Rushdie noemde religie ooit een middeleeuwse vorm van onredelijkheid die in combinatie met moderne wapens een echte bedreiging voor onze vrijheden wordt. Hij ziet in wat in naam van de islam gebeurt een dodelijke mutatie in het hart van de islam. Met tragische gevolgen ook voor hemzelf. Het conservatief-islamitische Iraanse regime is daar het voorbeeld van.
De kern is wat Rushdie ooit zei over ‘het respect voor religie’. Dat is uitgegroeid tot en omgeslagen in ‘angst voor religie’. Ook in Nederland waar religie nog steeds een streepje voor heeft. Religies verdienen echter als alle andere ideeën en menselijke constructies kritiek, satire en onverschrokken gebrek aan respect.
De reactie op religie moet niet het terugdringen ervan zijn, maar wel het bekritiseren ervan en het duidelijk maken aan gelovigen of pseudo-gelovigen die in naam van religie geweld plegen en andersdenkenden proberen te intimideren dat ze niet boven of buiten de wet staan. Religie is net zo bijzonder als elke andere menselijke geestelijke constructie.

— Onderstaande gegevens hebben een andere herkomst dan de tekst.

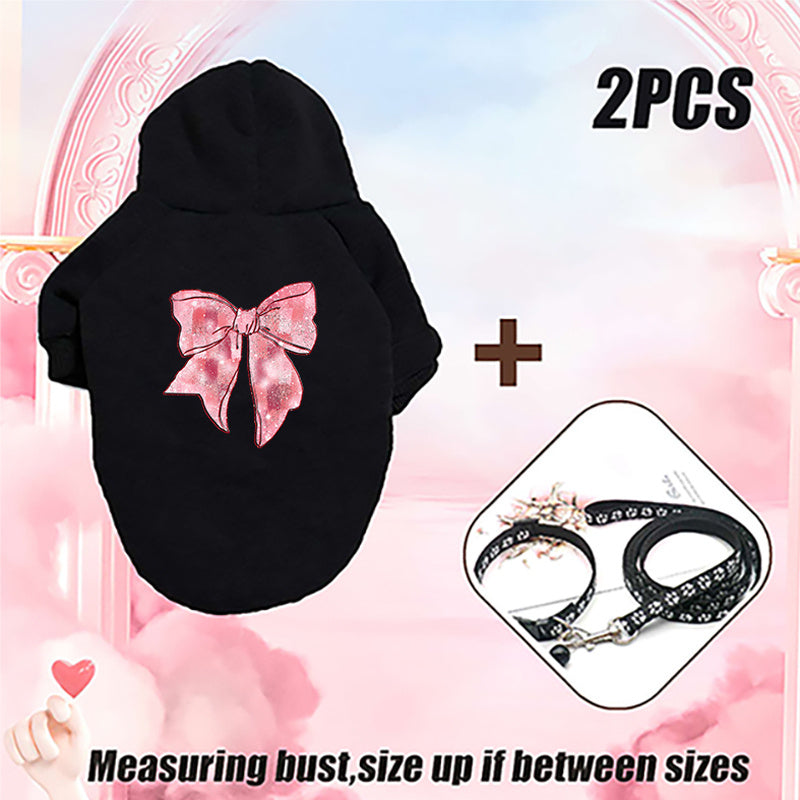 新款 2PC 加厚宠物卫衣 “甜美少女风亮片大蝴蝶结印花” 秋冬个性猫咪狗狗保暖衣服连帽卫衣与可伸缩牵引绳套装 —— 防掉毛、防跳蚤，面料柔软保暖，适配中小型猫狗（可机洗，多色可选），适合拍照与日常防寒穿着。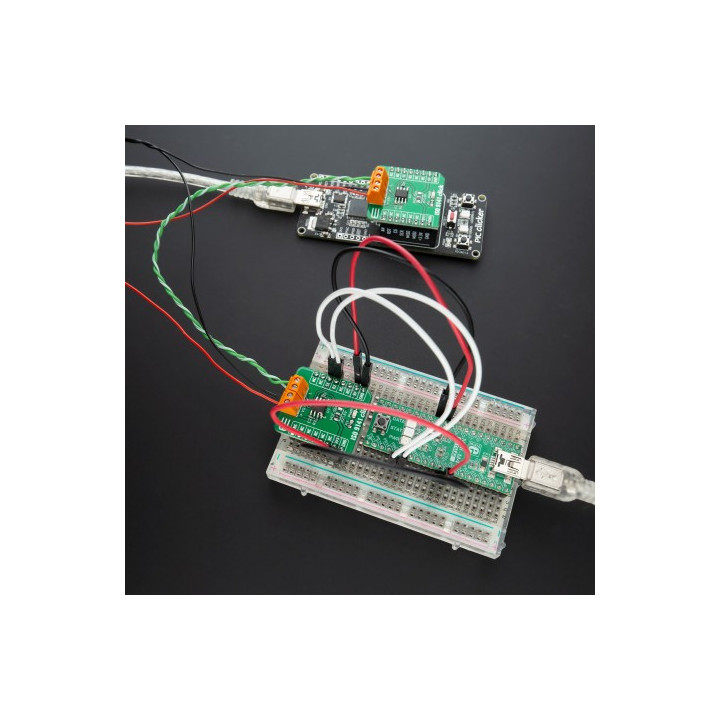Exemple d'application du module d'interface ISO 9141 Click - MIKROE-4331 avec une breadboard
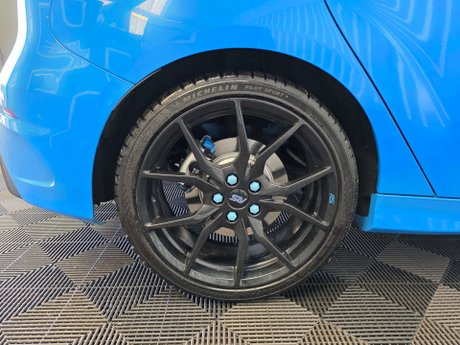 Ford Focus 2.3T EcoBoost RS Hatchback 5dr Petrol Manual AWD Euro 6 (s/s) (350 ps) 28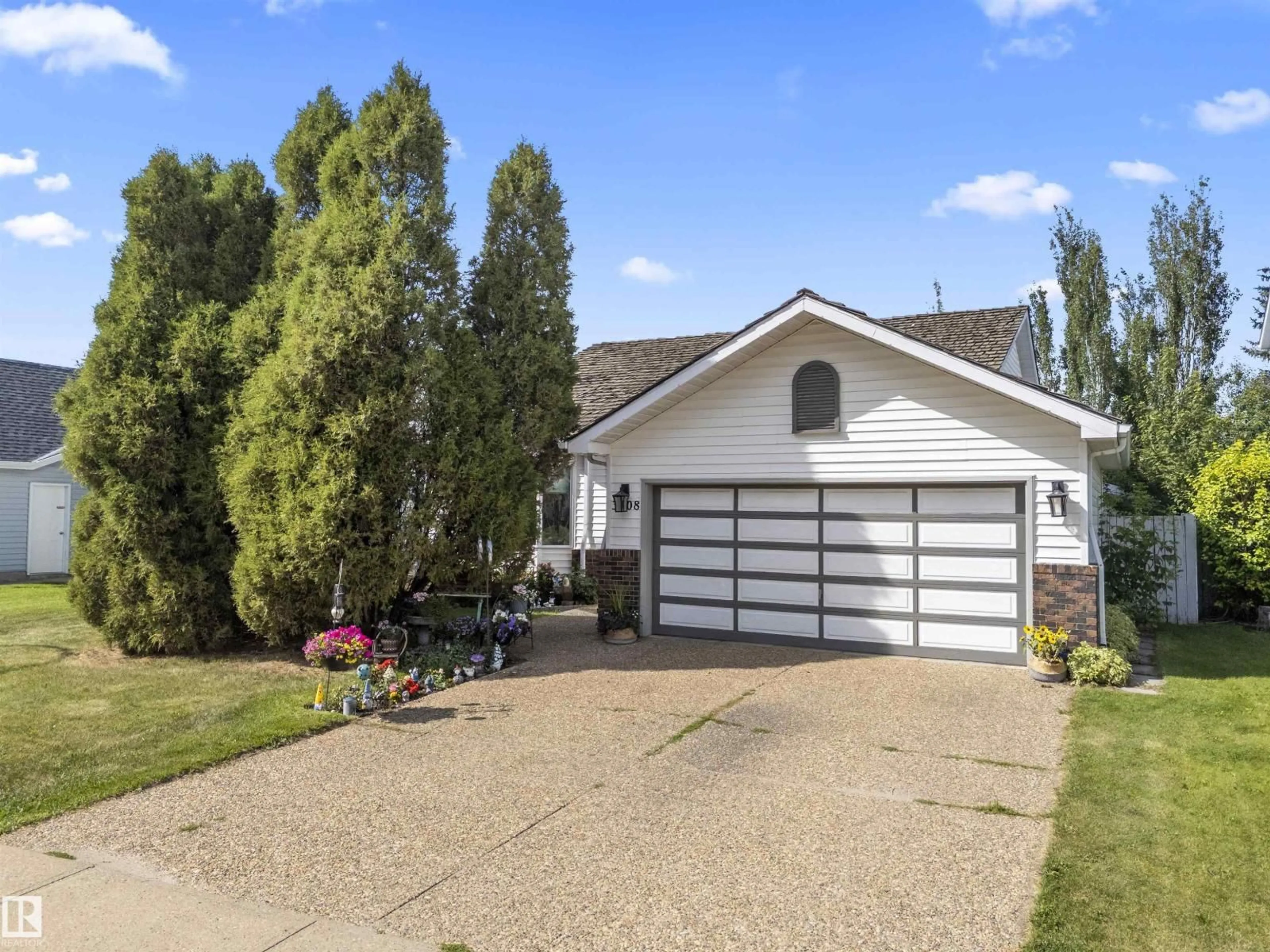 Home with vinyl exterior material, street for 3308 42A AV, Edmonton Alberta T6T1E5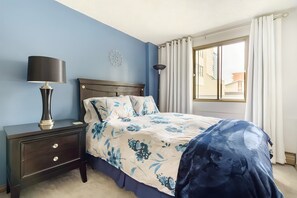 1 slaapkamer, een bureau, verduisterende gordijnen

Niet meer en niet minder.
De enige constructieve reactie op de framing door radicale ‘gelovigen’ zoals de Iraanse regeringswoordvoerder is een samenleving die eensgezind religie erkent als idee dat gelovigen inspireert, maar tegelijk religie niet als iets erkent dat vanuit een hoger beroep meer respect verdient dan willekeurig ieder andere menselijke constructie, gedachtengoed of levensbeschouwing. Religie verdient het om beledigd te worden.
Geloof is bedoeld voor intern gebruik. Het belijden van een godsdienst kun je anderen niet dwingend opleggen. Achting ervoor is het hoogst haalbare en daartoe zijn de meeste andersdenkenden wel te porren. Religie is een fictief verhaal, een mythologisering die niet gelijk gesteld kan worden aan historische feiten. Op een religieuze constructie kan geen eis aan anderen afgedwongen worden die gelijk is aan historische feiten omdat de basis van religie denkbeeldig is. Godsdienst is niet alleen een menselijke constructie, maar ook een constructie die beperkt geldig is voor gelovigen alleen.
Men kan beweren dat door belediging een godsdienst sterk wordt. Gedwongen wordt om uit de schulp te kruipen om in gesprek te gaan met andersdenkenden. Het is sterker om goede tegenargumenten op een belediging te formuleren dan verbolgen en agressief te reageren en op te roepen tot het uitschakelen van degene die beledigt.